But I have been thinking.
I may have a plan.
Let me just say that as a woman with five monkeys, if I had no monkeys I would probably not want to date a man with five monkeys.
Five monkeys equal mental issues. Jus' sayin'.
But back to my plan.
I will put myself out there and see what swims close.
Then as things progress, as I am a most fascinating creature, he will want to come over. But I will make excuses that have nothing to do with monkeys.
He will be so over the top about me, but a little suspicious as to why I won't have him over my home.
I will go to his place. We will have wild sex everywhere.
Roller coasters, cars, bridges, etc. And yes, his house will have all this.
Now that he is so enthralled by me and drunk on sex, he will begin to question why he can't come over.

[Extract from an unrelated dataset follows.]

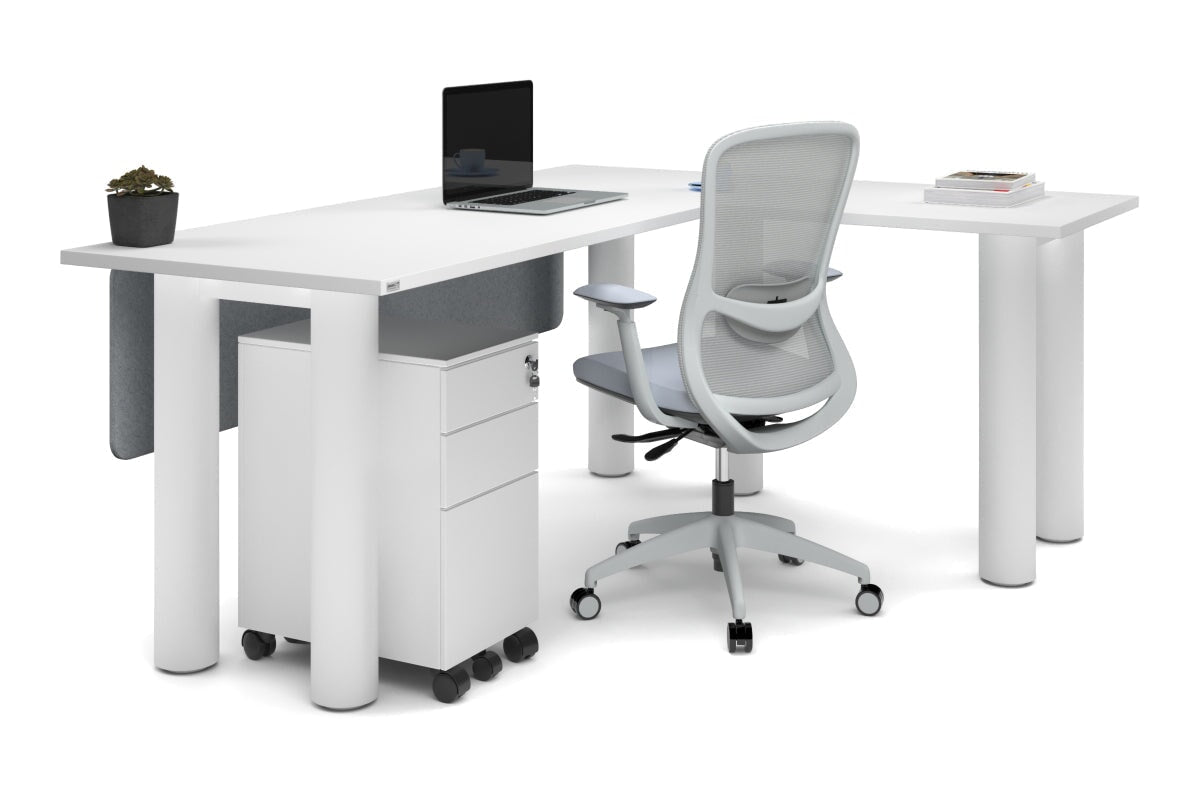 Quadro Cylinder Leg - L Shaped Corner Office Desk  [1800L x 1700W]-black leg dark oak metal modesty panel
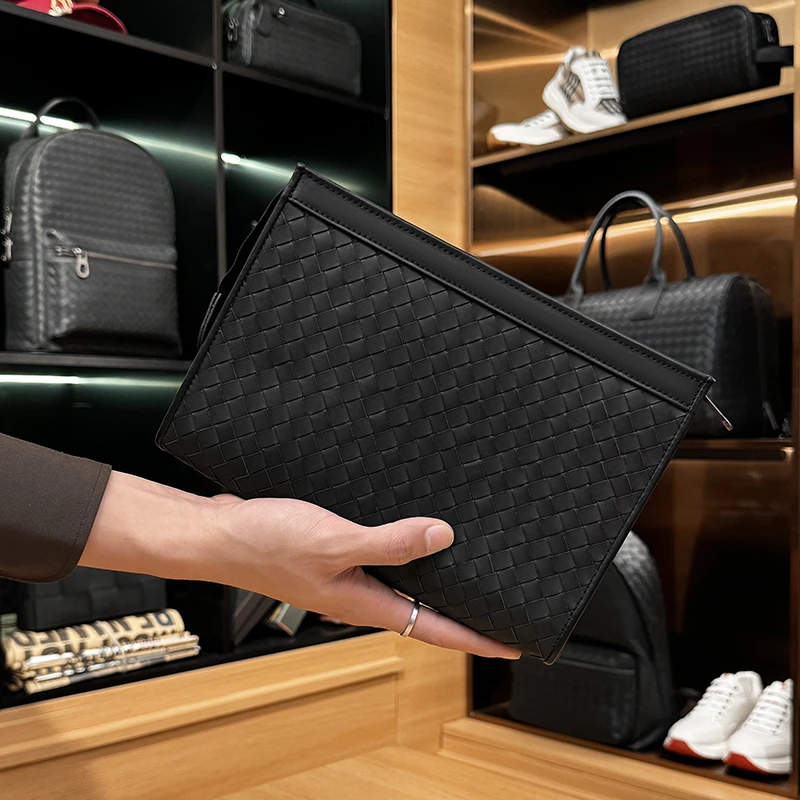 BOSOM VARVLEBV【胎牛皮】男士手工编织手拿包头层牛皮秋冬新款手包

Then I will tell him I am married.
This will shock him, of course. But he is soooo inebriated by love he makes the
ultimate declaration of love.
"I will have to kill your husband."
Then we jump into the car to do the deed. We race back to my home in order to kill my husband.
We go into the house...
Now, knowing that he truly loves me, I will break the news of no husband.
I have five monkeys.
If he freaks, I will have the monkeys tear him from limb to limb.
If he thinks, "This is Awesome." I will keep him.
Seems like a win win situation to me.